How the dataset is built
Plain-English summary of the data pipeline, sourcing approach, and the safeguards we apply before anything reaches a public page.
Source: Freedom of Information requests
UK universities are public bodies under the Freedom of Information Act 2000. They are required to disclose, on request, statistical data they hold — including module-level grade distributions — subject to a small set of exemptions, principally personal data (s40), commercial interests (s43), and vexatious requests (s14).

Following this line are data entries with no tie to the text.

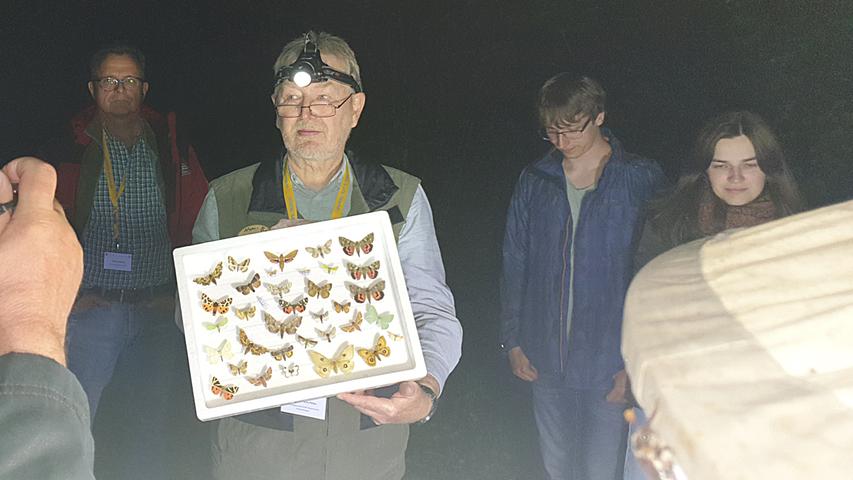 Hans-Peter Schreier von der Arbeitsgemeinschaft Bayerischer Entomologen demonstriert die Vielfalt von Nachtfaltern beim Lichtfang.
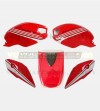 Gráficos personalizados - Ducati Monster 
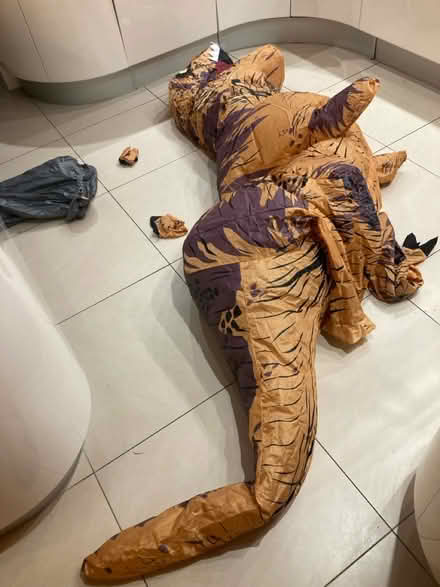 Photo of free Inflatable dinosaur costume (Chelmsford. CM2) #1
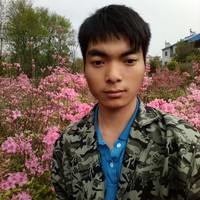 王中雨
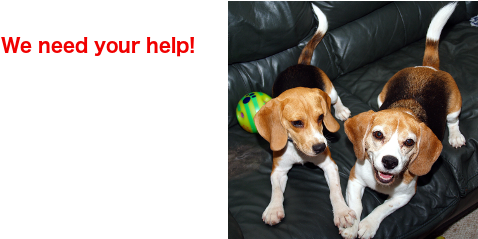 We Need Your Help - Beagle (640x400), Png Download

We file requests in standardised form across UK institutions and archive both the requests and the responses on WhatDoTheyKnow, the public FOI archive. Universities respond on their own timelines (typically 20 working days, sometimes longer) and in their own formats — CSV, Excel, PDF, occasionally even scanned image documents.
Normalisation
Each response is processed through our internal data CLI, which applies programmatic schema-mapping first and falls back to LLM-assisted column inference only when the schema is unrecognisable. Repeated submissions from the same university reuse a cached schema mapping, so we don't re-run inference unnecessarily. Every transformation is logged.
Suppression
Universities apply different cohort-size thresholds when suppressing rows under the personal-data exemption — typically 5–7 students, sometimes 10. We apply a uniform suppression threshold of cohort < 10 to all public-facing data, regardless of what the FOI reply contains. This is deliberately conservative.

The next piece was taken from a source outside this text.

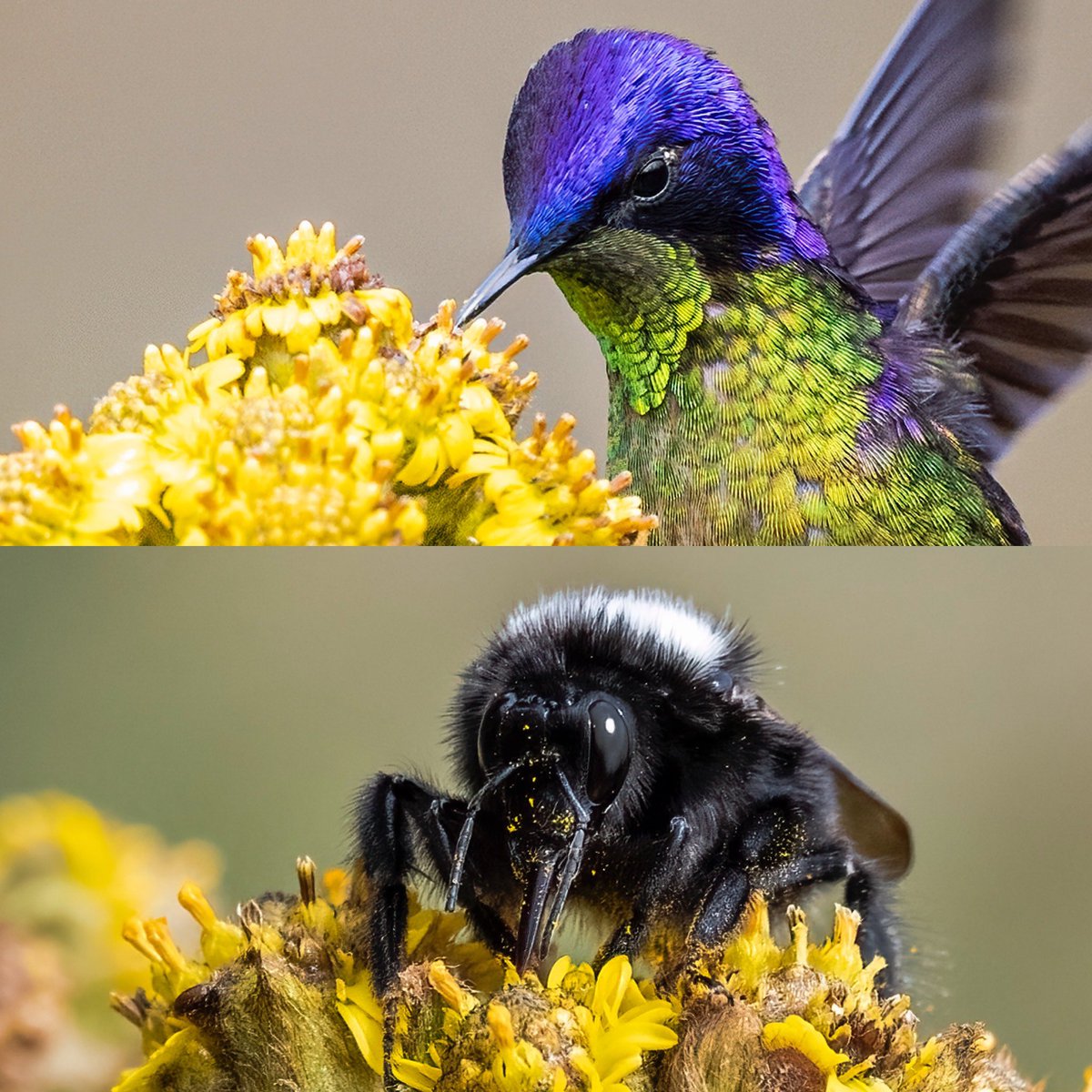 Cada uno, a su manera polinizando la misma flor, la diversidad es la que sostiene la belleza del mundo.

On public cluster pages we never publish exact percentages or counts; only banded descriptors (low / mid / high First-rate, mean-mark band, cohort-size band) and year-range. Exact distributions are visible only to logged-in users via the paid product.
Validation
Before any module's data goes live, the row passes:
- Cohort size ≥ 10
- Sum of grade-band percentages within ±0.5 of 100
- At least two non-suppressed years for trend signals
- Schema validation against our canonical model
Limitations
FOI data has known limits. Universities sometimes round to nearest 5 even above the disclosure threshold. Some institutions decline to disclose at module level, citing commercial-interest concerns. Coursework rubrics drift over time, which means historical means are less predictive of future means than they appear. We surface these caveats on every page where they matter.
Ethics
This dataset is, by design, about structural outcomes — not individual students or individual academics. We don't draw teaching-quality conclusions from grade data; we don't publish names; we don't republish raw FOI rows. Aggregated signals only.